## EXERCISE
Each line starting at the one that contains "JIT [2D Flat]" and ending at the one that contains "Толстовка-худи хлопковая мужская" must be returned exactly, and the rest of the listing is left out.

## THE RECORDS
· · · · ·
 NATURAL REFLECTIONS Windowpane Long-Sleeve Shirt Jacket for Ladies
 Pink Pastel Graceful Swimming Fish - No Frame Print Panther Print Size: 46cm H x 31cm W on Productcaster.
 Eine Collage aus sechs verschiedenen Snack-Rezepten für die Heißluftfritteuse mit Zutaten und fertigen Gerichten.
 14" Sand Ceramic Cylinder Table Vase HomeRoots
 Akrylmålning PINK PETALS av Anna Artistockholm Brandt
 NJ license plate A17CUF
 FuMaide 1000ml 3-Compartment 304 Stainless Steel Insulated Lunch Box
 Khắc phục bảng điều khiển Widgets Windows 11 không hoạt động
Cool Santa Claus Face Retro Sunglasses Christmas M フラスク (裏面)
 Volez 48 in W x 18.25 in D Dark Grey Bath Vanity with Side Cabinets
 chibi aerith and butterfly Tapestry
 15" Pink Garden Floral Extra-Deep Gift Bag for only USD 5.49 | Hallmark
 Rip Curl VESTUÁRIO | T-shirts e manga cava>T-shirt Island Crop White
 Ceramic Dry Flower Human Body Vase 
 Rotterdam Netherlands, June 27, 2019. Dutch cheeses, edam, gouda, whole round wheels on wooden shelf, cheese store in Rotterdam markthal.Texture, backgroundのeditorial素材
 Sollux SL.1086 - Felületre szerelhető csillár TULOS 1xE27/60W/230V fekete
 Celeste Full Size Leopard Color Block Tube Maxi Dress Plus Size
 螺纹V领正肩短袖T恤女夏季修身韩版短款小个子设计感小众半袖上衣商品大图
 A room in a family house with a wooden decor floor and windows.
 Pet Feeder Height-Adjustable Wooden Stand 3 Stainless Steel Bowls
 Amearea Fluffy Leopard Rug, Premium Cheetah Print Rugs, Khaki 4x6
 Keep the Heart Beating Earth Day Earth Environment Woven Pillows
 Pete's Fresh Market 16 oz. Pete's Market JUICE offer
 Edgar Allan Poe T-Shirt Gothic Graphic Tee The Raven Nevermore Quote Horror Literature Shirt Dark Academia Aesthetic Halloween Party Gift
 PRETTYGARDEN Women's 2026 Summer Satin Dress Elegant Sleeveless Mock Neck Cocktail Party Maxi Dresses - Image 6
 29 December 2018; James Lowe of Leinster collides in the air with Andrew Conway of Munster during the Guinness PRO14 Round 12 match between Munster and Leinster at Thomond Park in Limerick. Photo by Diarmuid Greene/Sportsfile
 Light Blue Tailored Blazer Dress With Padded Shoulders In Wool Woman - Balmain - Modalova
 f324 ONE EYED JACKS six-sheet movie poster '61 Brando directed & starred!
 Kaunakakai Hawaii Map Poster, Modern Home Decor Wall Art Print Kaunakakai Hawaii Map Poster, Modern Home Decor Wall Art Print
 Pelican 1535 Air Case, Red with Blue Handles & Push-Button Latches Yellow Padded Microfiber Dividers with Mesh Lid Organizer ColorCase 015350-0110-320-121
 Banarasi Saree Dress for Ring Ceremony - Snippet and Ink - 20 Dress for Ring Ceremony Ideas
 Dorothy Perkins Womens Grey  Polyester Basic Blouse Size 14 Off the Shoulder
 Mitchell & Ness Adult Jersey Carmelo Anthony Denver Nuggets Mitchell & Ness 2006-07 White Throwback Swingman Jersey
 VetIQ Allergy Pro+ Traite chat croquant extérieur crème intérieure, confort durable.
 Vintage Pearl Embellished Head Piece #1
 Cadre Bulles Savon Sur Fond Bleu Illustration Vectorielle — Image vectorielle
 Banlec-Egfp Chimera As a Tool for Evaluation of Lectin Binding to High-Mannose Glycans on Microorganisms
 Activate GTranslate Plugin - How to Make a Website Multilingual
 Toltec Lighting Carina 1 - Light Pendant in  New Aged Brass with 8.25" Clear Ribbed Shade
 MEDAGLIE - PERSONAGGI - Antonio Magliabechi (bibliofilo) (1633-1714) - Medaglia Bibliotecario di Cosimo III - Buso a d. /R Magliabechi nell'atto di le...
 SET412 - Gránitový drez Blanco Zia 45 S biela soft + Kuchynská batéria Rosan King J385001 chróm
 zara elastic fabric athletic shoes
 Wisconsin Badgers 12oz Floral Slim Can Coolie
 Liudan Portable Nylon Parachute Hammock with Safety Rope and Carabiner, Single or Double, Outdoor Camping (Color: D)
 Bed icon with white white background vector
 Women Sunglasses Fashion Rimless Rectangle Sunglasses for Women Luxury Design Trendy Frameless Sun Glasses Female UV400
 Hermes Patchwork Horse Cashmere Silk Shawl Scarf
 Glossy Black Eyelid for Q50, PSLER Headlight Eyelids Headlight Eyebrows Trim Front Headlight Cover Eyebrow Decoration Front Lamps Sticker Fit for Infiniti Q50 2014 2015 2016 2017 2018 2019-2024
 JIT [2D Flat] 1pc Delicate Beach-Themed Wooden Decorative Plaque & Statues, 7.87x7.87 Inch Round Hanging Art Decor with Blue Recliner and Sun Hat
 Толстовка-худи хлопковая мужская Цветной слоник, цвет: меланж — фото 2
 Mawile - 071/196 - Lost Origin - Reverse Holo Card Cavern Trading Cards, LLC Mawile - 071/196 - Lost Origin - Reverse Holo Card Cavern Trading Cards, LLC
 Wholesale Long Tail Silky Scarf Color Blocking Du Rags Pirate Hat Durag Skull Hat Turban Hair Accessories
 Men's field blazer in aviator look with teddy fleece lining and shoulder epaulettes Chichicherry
· · · · ·
## ANSWER SECTION
 JIT [2D Flat] 1pc Delicate Beach-Themed Wooden Decorative Plaque & Statues, 7.87x7.87 Inch Round Hanging Art Decor with Blue Recliner and Sun Hat
 Толстовка-худи хлопковая мужская Цветной слоник, цвет: меланж — фото 2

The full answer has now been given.